(DATASET RECORDS)

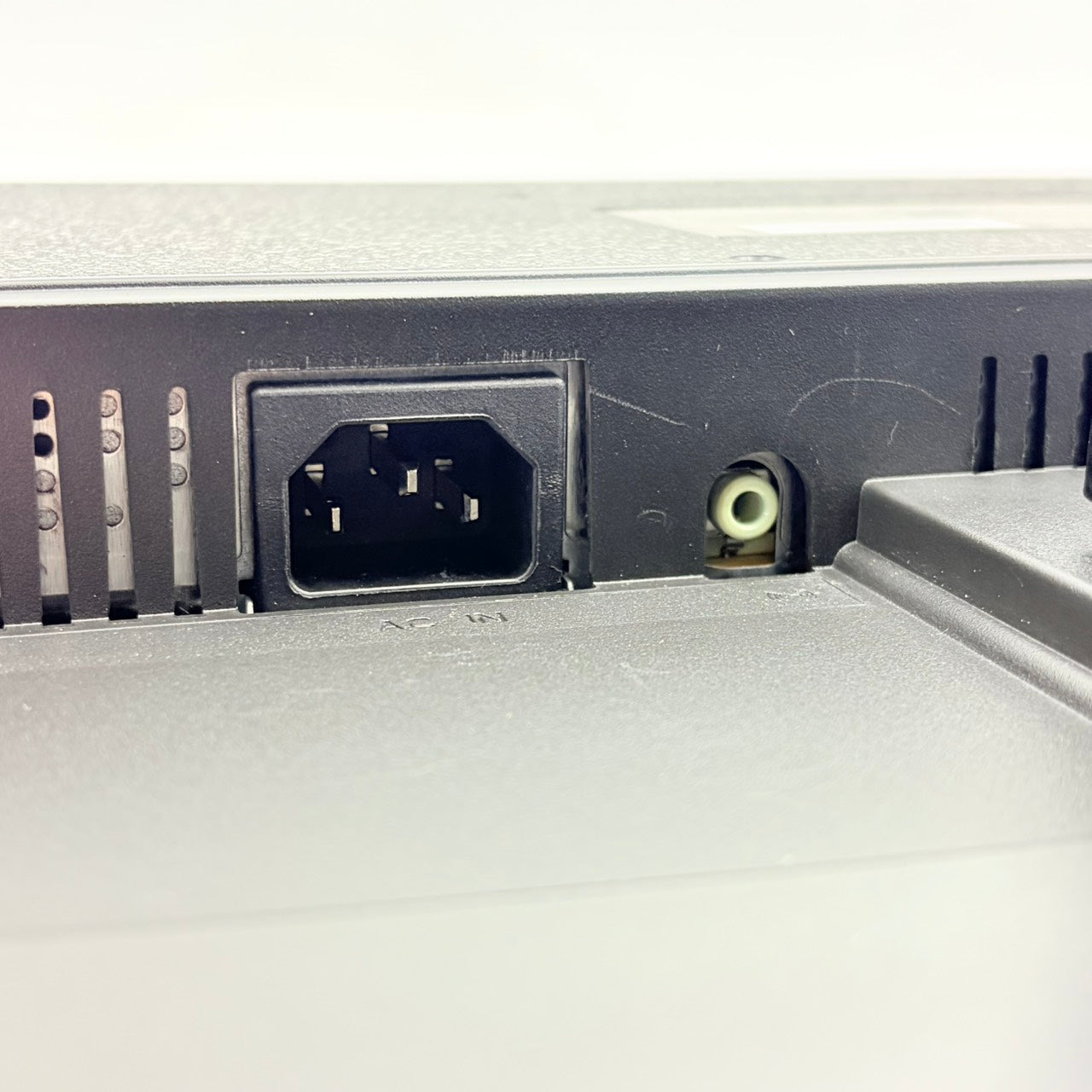 【中古モニター】23インチ メーカー PRINCETON 型番 PTFBNF-23W 入力端子 D-Sub DVI 解像度 1920x1080 Bランク 中古 液晶 モニター PC ディスプレイ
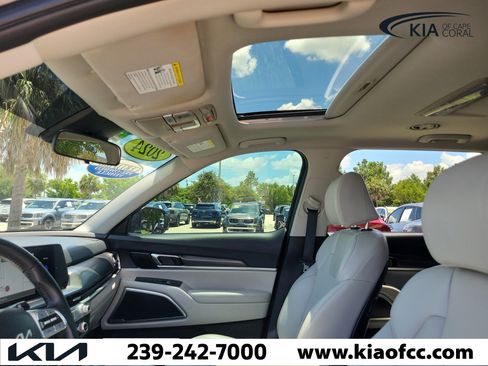 Certified 2024 Kia Telluride S w/ S Sunroof Package FWD image 22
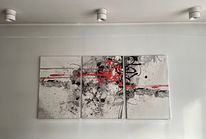 Абстрактное полотно, состоящее из трёх отдельных изображений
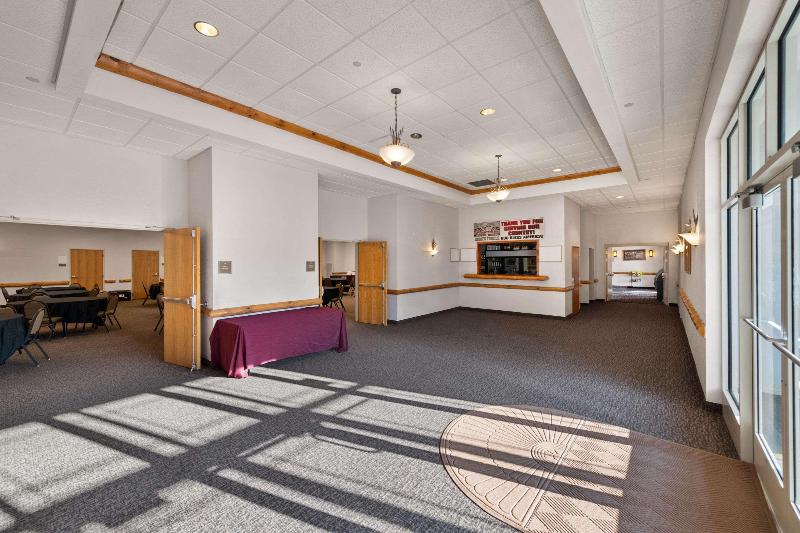Rodeway Inn & Suites Tomahawk image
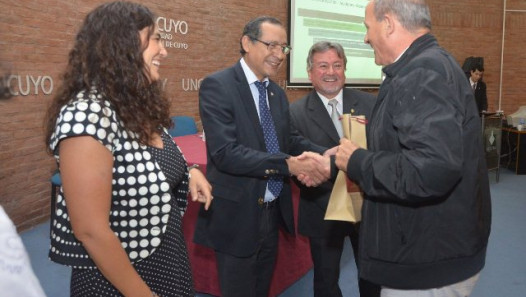 imagen Entregaron 107 becas de estudio de posgrado y posdoctoral a personal de la UNCuyo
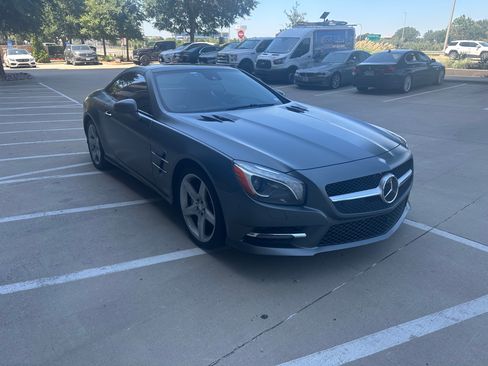 Used 2014 Mercedes-Benz SL 550 image 4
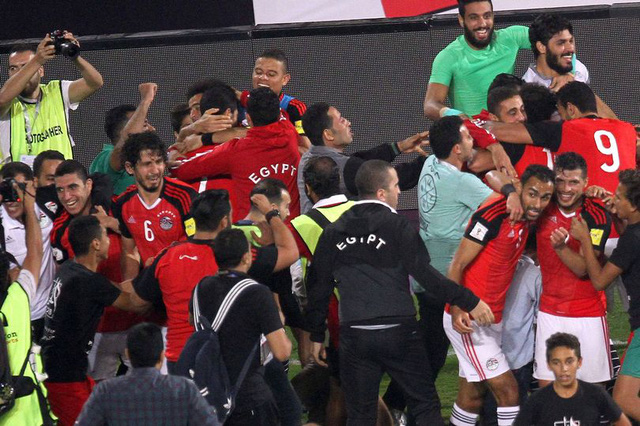 Vòng loại World Cup 2018: Ai Cập trở lại World Cup sau 28 năm vắng bóng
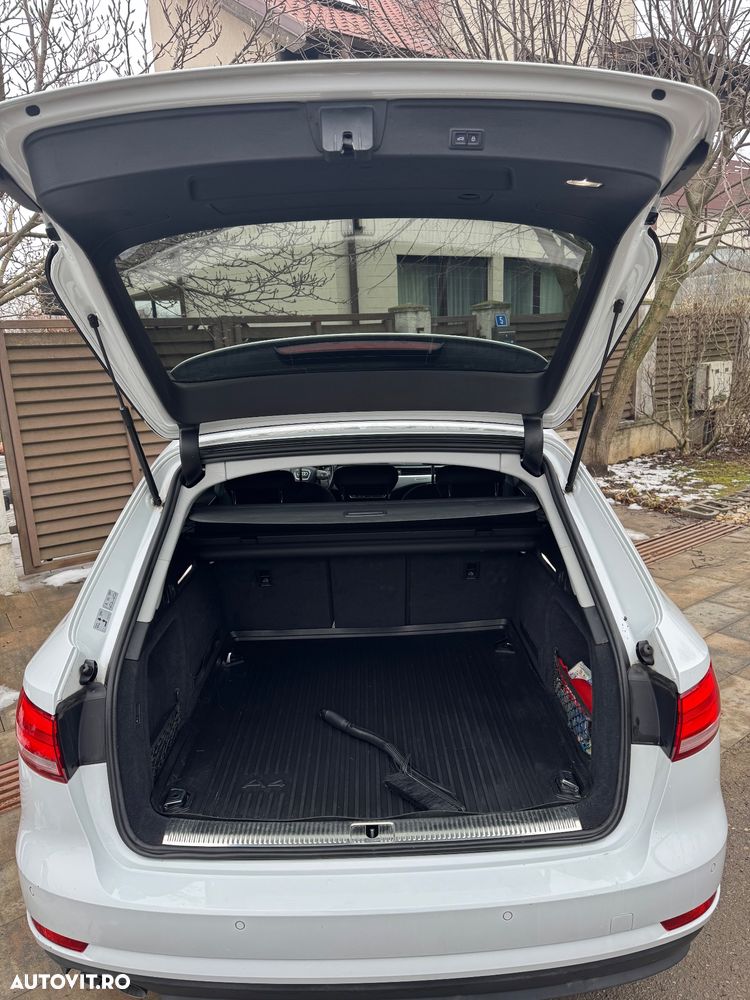 Audi A4 2.0 TDI quattro S tronic - 16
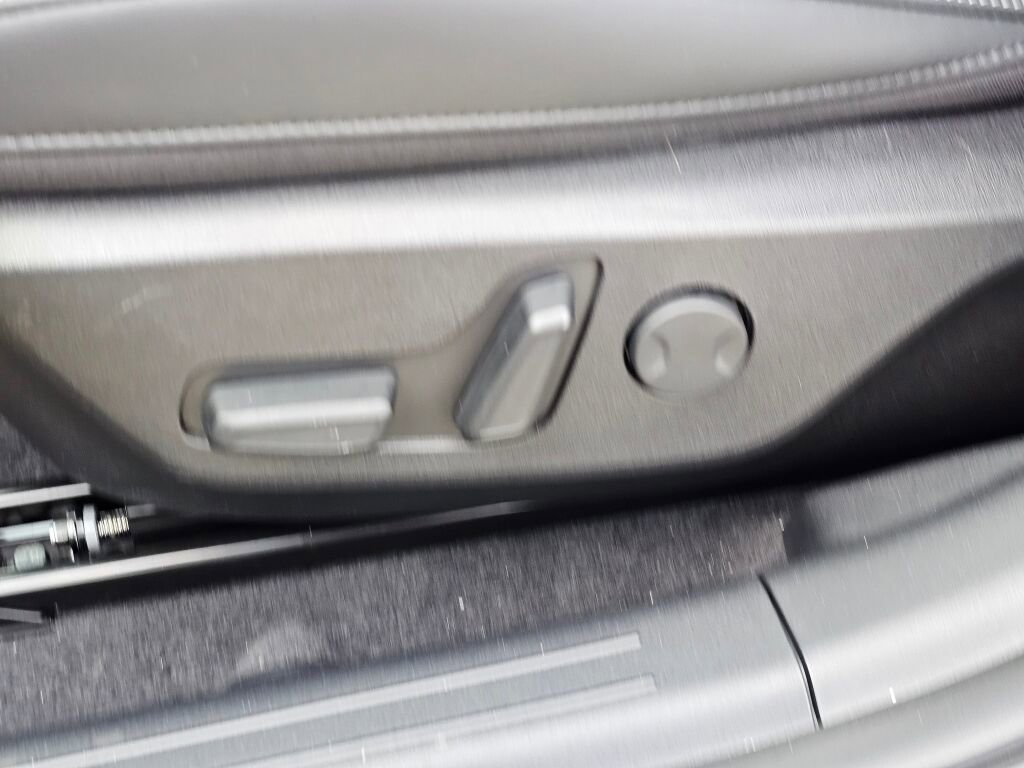 New 2025 Kia EV6 Light w/ Light LR Technology Package image 31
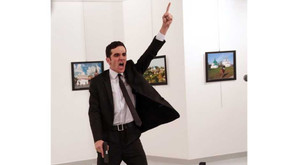 Ảnh khủng bố bắn Đại sứ Nga bị phản đối đạt giải World Press Photo 2017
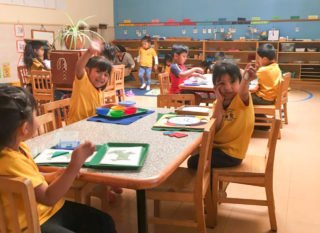 Die Kinder arbeiten mit den Montessori-Materialien. (Foto: Jasper Kurth)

(End DATASET RECORDS)

The whole listing above is to be printed again exactly; pictures stay out of it.

▶ _ANSWER BOX_
 【中古モニター】23インチ メーカー PRINCETON 型番 PTFBNF-23W 入力端子 D-Sub DVI 解像度 1920x1080 Bランク 中古 液晶 モニター PC ディスプレイ
 Certified 2024 Kia Telluride S w/ S Sunroof Package FWD image 22
 Абстрактное полотно, состоящее из трёх отдельных изображений
Rodeway Inn & Suites Tomahawk image
 imagen Entregaron 107 becas de estudio de posgrado y posdoctoral a personal de la UNCuyo
 Used 2014 Mercedes-Benz SL 550 image 4
 Vòng loại World Cup 2018: Ai Cập trở lại World Cup sau 28 năm vắng bóng
 Audi A4 2.0 TDI quattro S tronic - 16
 New 2025 Kia EV6 Light w/ Light LR Technology Package image 31
 Ảnh khủng bố bắn Đại sứ Nga bị phản đối đạt giải World Press Photo 2017
 Die Kinder arbeiten mit den Montessori-Materialien. (Foto: Jasper Kurth)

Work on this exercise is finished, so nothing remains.